Their CSO writes, "Over the past 24 hours we have analyzed more than 125,000 log entries to ascertain what actions were performed by Sitel during the relevant period. We have determined that the maximum potential impact is 366 (approximately 2.5% of) customers whose Okta tenant was accessed by Sitel."

IANAL and these are only my opinions but it seems like:

(a) Their DPO chose not to notify (GDPR Art. 33) without having the full picture or thought waiting several months for sub-processor's report was a justifiable reason for delaying notification

(b) They failed to perform their own basic forensic activities in light of a "compromise" and only reviewed logs on March 22nd

(c) Have terrible taste in naming their support app "Super User"

In my opinion they are also down playing the importance of the data that may have been compromised. For example do the hackers now know which accounts have MFAs attached to and which don't. What the password policies are (e.g. strength, number attempts, etc.)

1 comments

The compromised tenant looks like it was specifically _not_ one of the EMEA ones so GDPR wouldn't be relevant here.
I think the issue is that they just wouldn’t know.
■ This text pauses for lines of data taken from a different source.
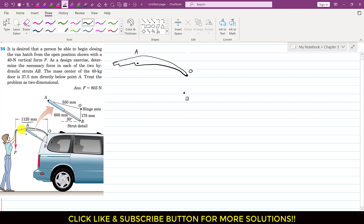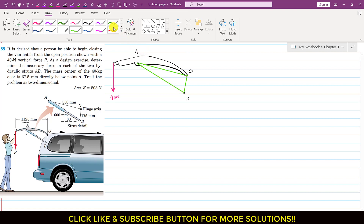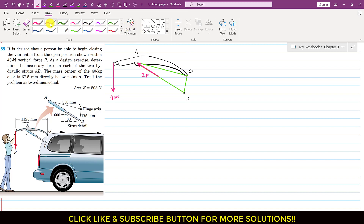For the free body diagram of the door, we consider all acting forces. The 40 newton force applied by the person acts vertically downward. The strut applies a force from B to A on the door. Since there are two struts, this force is represented as 2F. The weight of the door acts vertically downward at the mass center, located below point A.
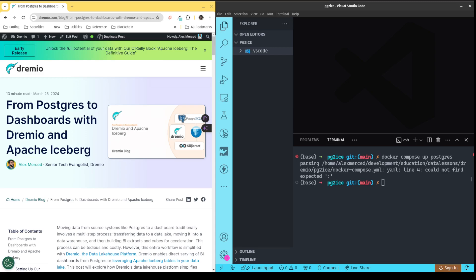Hey everybody, this is Alex Brissett, Senior Technical Evangelist with Dremio. Here I wanted to walk through the exercise in this blog: from Postgres to Dashboards with Dremio and Apache Iceberg.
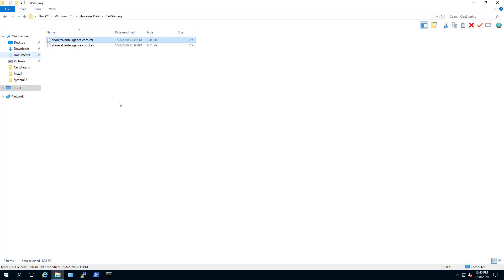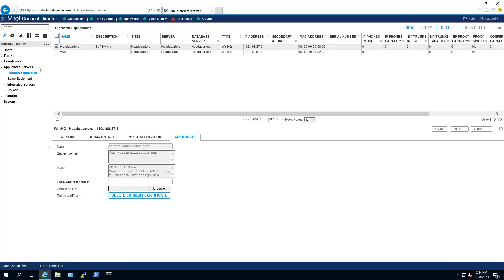Your files will be stored in Shoreline Data, Cert Staging. You will be sending the file with the .csr file extension to your certificate vendor.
They didn’t know which customers were impacted. They didn’t know which users personal data might have been compromised. They most likely don’t have the ability to determine whether a user is a EU resident or not as this information would reside with their customers HR systems which all points to having to notify to avoid the legal complications.
If the tenant had 1 or more European employees in their system, then yes GDPR is likely relevant.